N. Veerman photo If you take a gander in Laura Park’s purse, you’re likely to find a wrist flexer and a hand grip along with her keys and wallet.

Laura_Park1
N. Veerman photo

If you take a gander in Laura Park’s purse, you’re likely to find a wrist flexer and a hand grip along with her keys and wallet.

These days, as she prepares for the Canadian National Arm Wrestling Championships in Charlottetown, PEI, she doesn’t go anywhere without her exercise equipment.

Park—who’s lived in Jasper since 2009—captured her spot in the national competition last month in Red Deer, winning all of her 13 matches in the provincials.

“I was a little nervous going into it because there were two girls [in my weight class] who have already gone to nationals and one that went to worlds. I was a little intimidated … but I won undefeated.”

And since then she has been training non-stop in hopes of capturing the national heavyweight championship, so she can compete at the 36th annual World Arm Wrestling Championships in Lithuania.

As well as using her wrist and hand flexers, she also lifts weights and uses tension bands to build up strength in her hand, wrist and forearm.

Strength is an important part of the sport, but Park said it’s not the only thing that wins matches.

“A lot of arm wrestling is technique and know-how. I would say it’s 50/50 technique and strength.

“My technique is going fast. I try to do the top roll right away, that’s kind of like getting your weight behind it and turning your wrist at the same time.”

To accomplish such a feat, Park said it’s important to have a strong grip, because without one, your hand could slip from your opponent’s.

“After you slip once you get put into the straps. They literally strap your hands together, which kills,” she said. “That’s why I want my hands strong, so I can hold them from slipping, because once you’re in the straps, technique goes out the window and it’s all strength.

“A lot of people who aren’t so good with the technique, you’ll see intentionally slip. I load up with chalk before I go to the table just to avoid that.”

Although Park hasn’t been competing for long, her knowledge and inherent skill didn’t come by chance.

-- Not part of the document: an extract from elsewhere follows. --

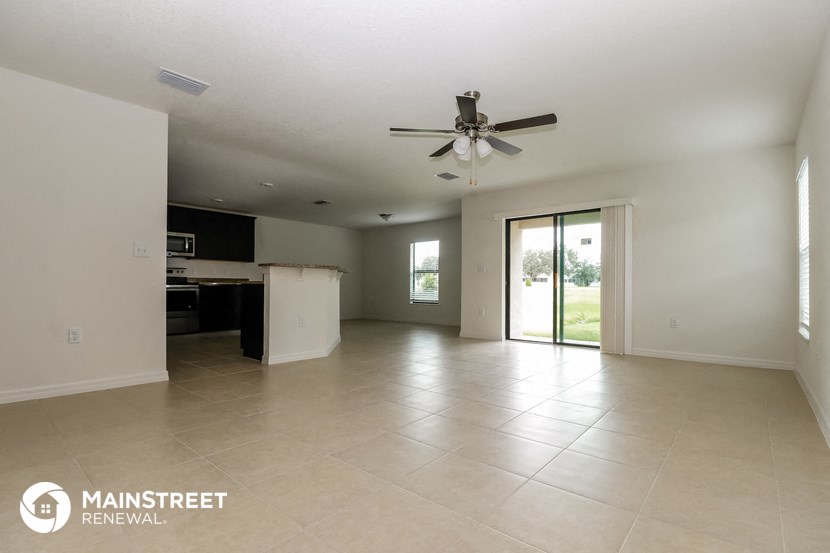 a spacious living room with tile flooring and a ceiling fan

Arm wrestling is a sport that she grew up around back home in Ontario.

“My dad was big into it,” she said. “He and all of his buddies in London, Ont. worked really hard to get the sport recognized as a professional sport, out of the bar scene and taken more seriously.”

Attending events from the time she was a baby, Park picked up the techniques and rules of the sport, but she never really took it seriously, only competing a few times in her youth.

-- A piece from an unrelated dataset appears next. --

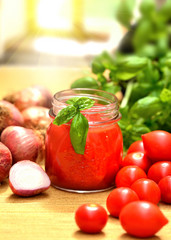 Tomato sauce and Italian basil in a glass jar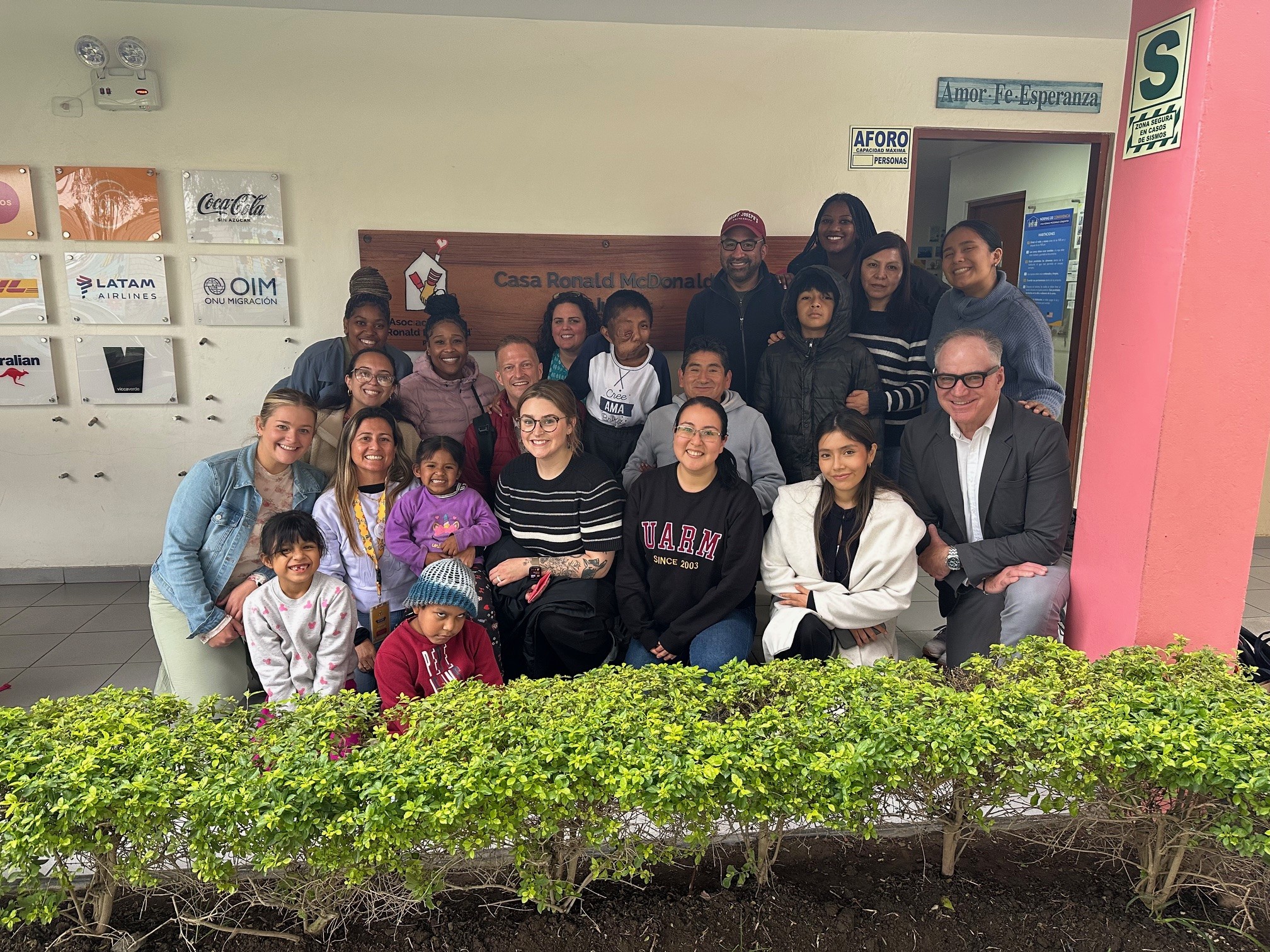 A large group smiles under a pavilion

Then, last November, she saw there was going to be a tournament at West Edmonton Mall and decided to signed up.

“I literally didn’t train or do anything when I went to that one and I finished in fourth.”

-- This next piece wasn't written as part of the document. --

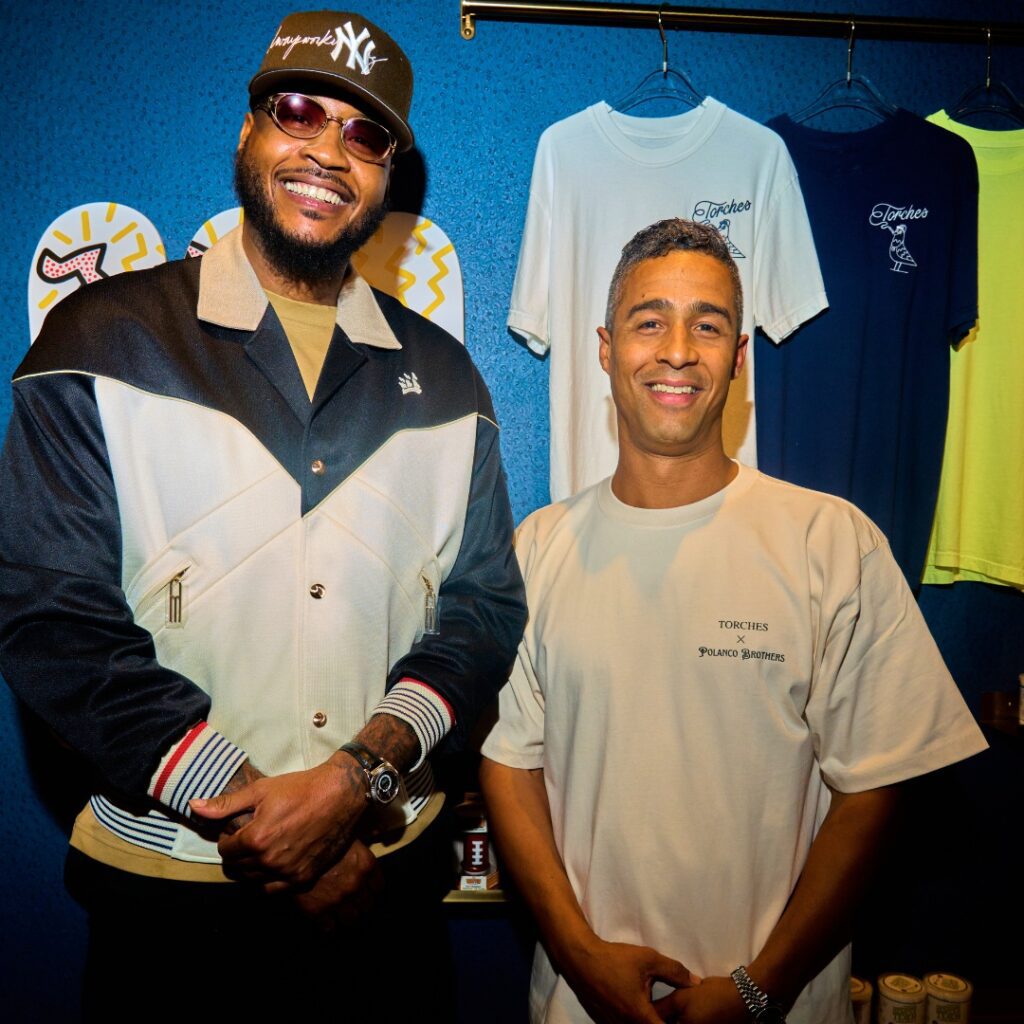 Two men smiling and posing together in front of a display of STAYME7O T-shirts on a blue wall.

At that tournament, called Mayhem in the Mall, Park started talking to a group of guys from the Alberta arm wrestling scene, only to discover that some of them had competed against her dad in the old days.

“It was them that told me about provincials,” she said, “and then I just started working my butt off and ended up winning.”

Going into the nationals, which take place May 17–18, Park said she’s at a disadvantage because, although she’s been working out, she doesn’t have a regulation table to practise on.

A regulation arm wrestling table is tall with upholstered elbow pads, as well as handles for the competitors to hold with their opposite hands.

“I have been practising with one of my buddies in Hinton, but it’s hard because we’re just using a kitchen table.”

Park said she has a friend creating a table top for her that she plans to attach to a “makeshift regulation height table” so that she can practise and get used to competing the way she will in the championships.

Once she has a table, she said she would like to start an arm wrestling club in Jasper.

“That’s something that I want to strive for because in year’s coming, if we have three or four people from Jasper and start a Jasper team, I think we can go places.”